-- INSTRUCTIONS FOR THE TASK --
Print only the lines below from the one with "Consejería de Universidades, Empresa" to the one with "Unless Im Sitting", both included, exactly as they stand. Leave pictures out.

-- RECORDS TO PROCESS --
^^^^^^^^^^^^^^^^
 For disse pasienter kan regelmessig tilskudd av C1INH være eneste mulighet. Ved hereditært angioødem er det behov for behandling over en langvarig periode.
^^^^^^^^^^^^^^^^
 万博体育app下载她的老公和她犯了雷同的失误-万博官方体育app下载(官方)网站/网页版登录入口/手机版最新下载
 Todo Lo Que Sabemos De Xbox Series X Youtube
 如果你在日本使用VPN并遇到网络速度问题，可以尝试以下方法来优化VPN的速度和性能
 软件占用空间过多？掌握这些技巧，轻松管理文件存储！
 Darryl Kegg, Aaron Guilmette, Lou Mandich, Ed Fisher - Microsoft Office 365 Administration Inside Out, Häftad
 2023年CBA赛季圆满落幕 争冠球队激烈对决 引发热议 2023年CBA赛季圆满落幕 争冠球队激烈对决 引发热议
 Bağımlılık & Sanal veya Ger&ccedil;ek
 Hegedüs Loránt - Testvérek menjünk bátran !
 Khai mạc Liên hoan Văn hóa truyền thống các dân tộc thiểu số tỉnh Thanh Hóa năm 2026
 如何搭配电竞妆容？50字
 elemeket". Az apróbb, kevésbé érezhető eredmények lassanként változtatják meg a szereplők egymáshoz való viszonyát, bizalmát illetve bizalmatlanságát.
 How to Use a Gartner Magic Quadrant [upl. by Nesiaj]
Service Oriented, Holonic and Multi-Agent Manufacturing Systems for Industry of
^^^^^^^^^^^^^^^^
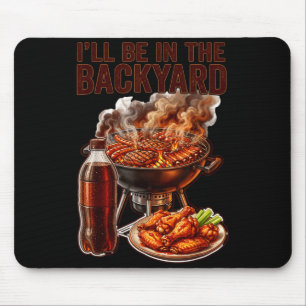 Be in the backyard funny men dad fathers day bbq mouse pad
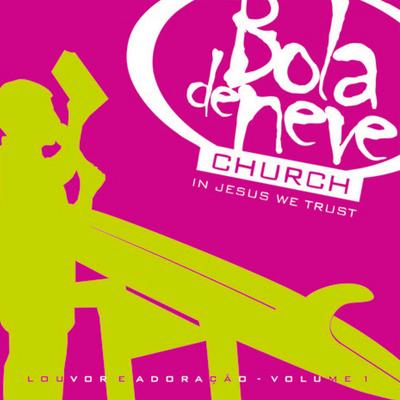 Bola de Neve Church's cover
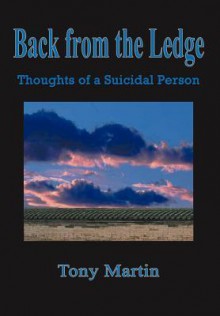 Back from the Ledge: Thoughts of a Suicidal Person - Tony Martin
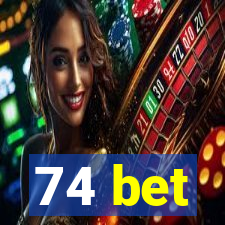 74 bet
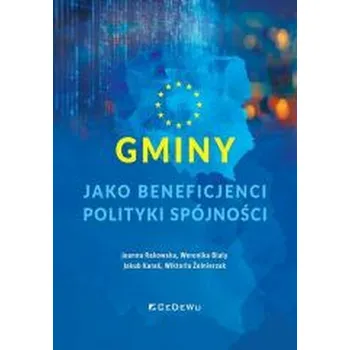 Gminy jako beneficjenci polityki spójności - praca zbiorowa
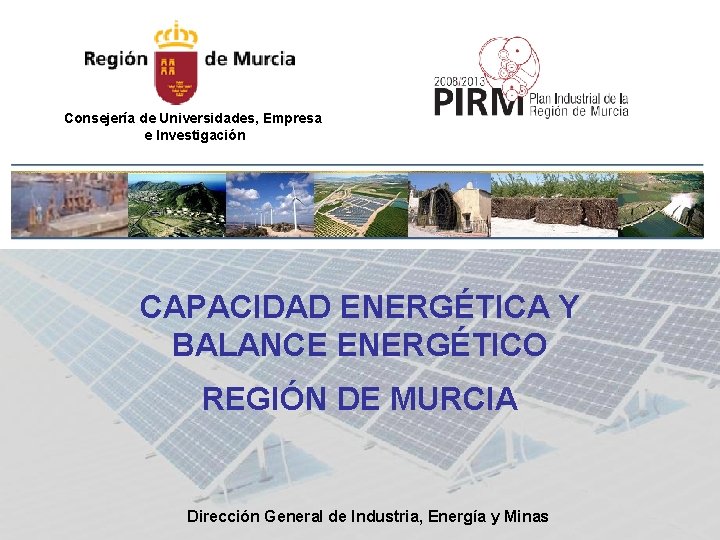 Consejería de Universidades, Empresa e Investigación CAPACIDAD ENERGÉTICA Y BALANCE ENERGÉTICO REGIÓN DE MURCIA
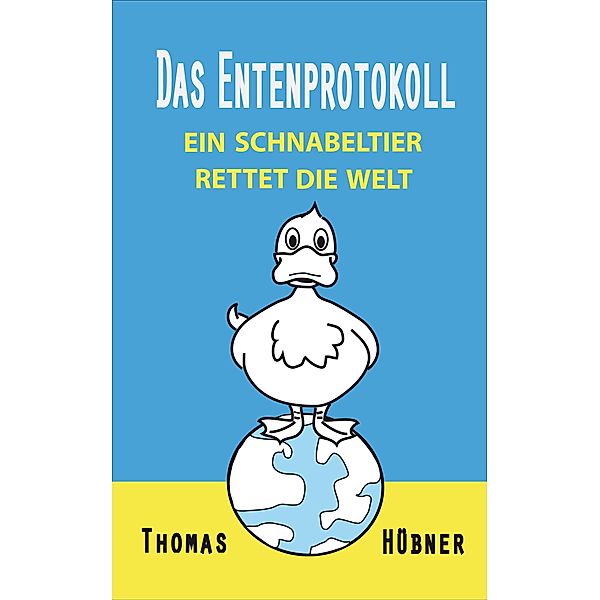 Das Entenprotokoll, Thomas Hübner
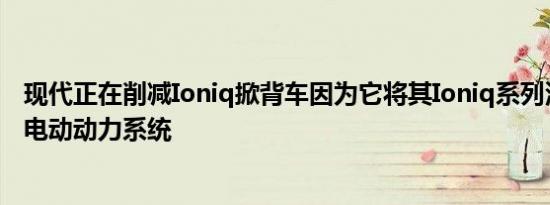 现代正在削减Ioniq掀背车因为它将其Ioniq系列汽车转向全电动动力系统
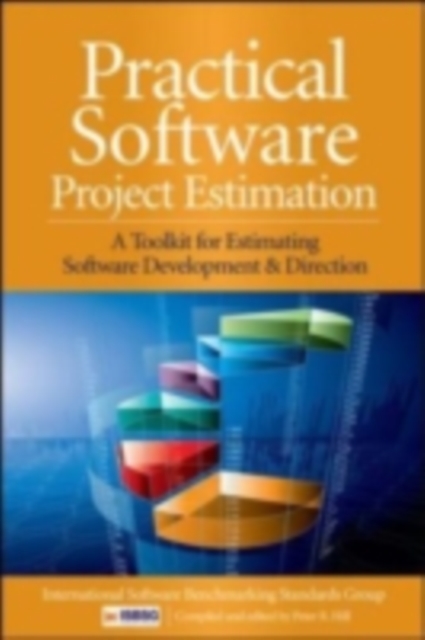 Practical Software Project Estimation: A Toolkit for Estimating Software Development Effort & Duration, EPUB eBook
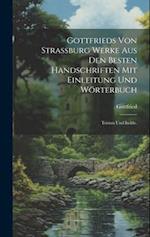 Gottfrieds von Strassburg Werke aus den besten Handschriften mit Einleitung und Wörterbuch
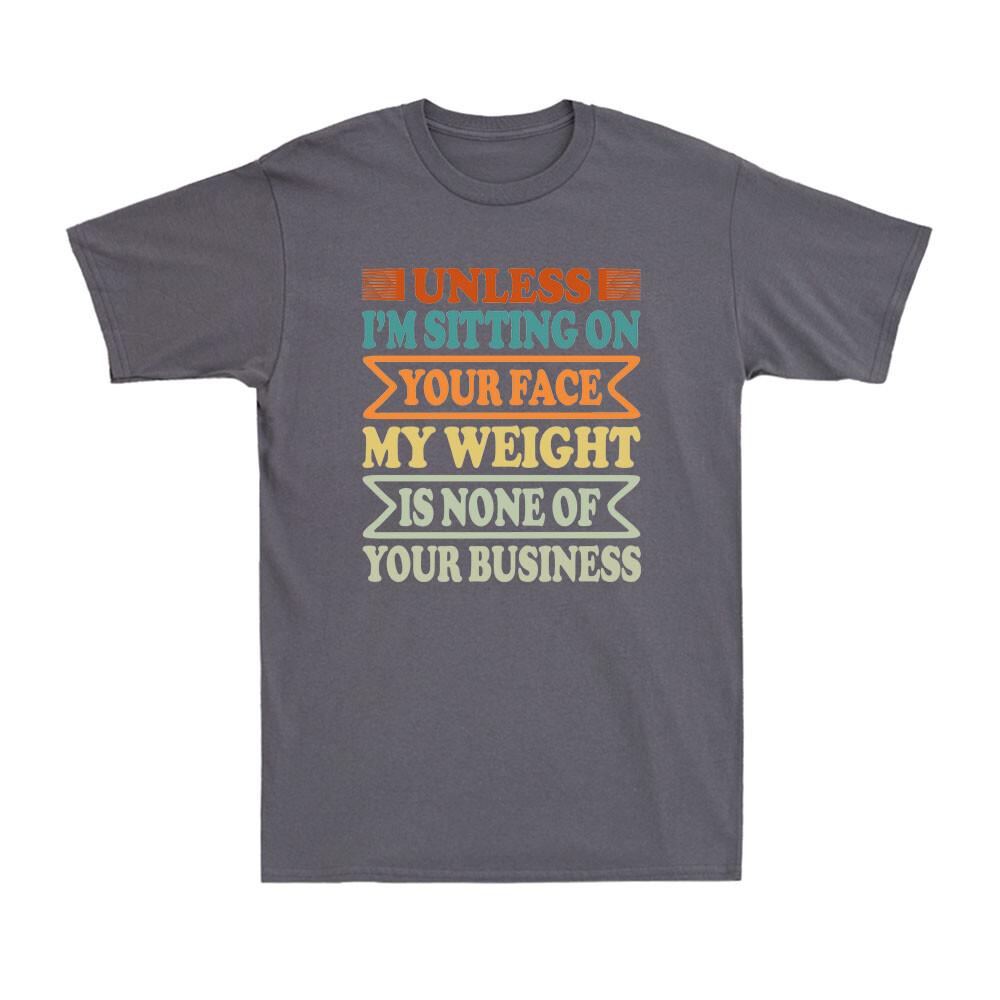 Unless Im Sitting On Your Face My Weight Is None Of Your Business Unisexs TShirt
^^^^^^^^^^^^^^^^
-- SOLUTION TO THE EXERCISE --
 Consejería de Universidades, Empresa e Investigación CAPACIDAD ENERGÉTICA Y BALANCE ENERGÉTICO REGIÓN DE MURCIA
 Das Entenprotokoll, Thomas Hübner
 现代正在削减Ioniq掀背车因为它将其Ioniq系列汽车转向全电动动力系统
 Practical Software Project Estimation: A Toolkit for Estimating Software Development Effort & Duration, EPUB eBook
 Gottfrieds von Strassburg Werke aus den besten Handschriften mit Einleitung und Wörterbuch
 Unless Im Sitting On Your Face My Weight Is None Of Your Business Unisexs TShirt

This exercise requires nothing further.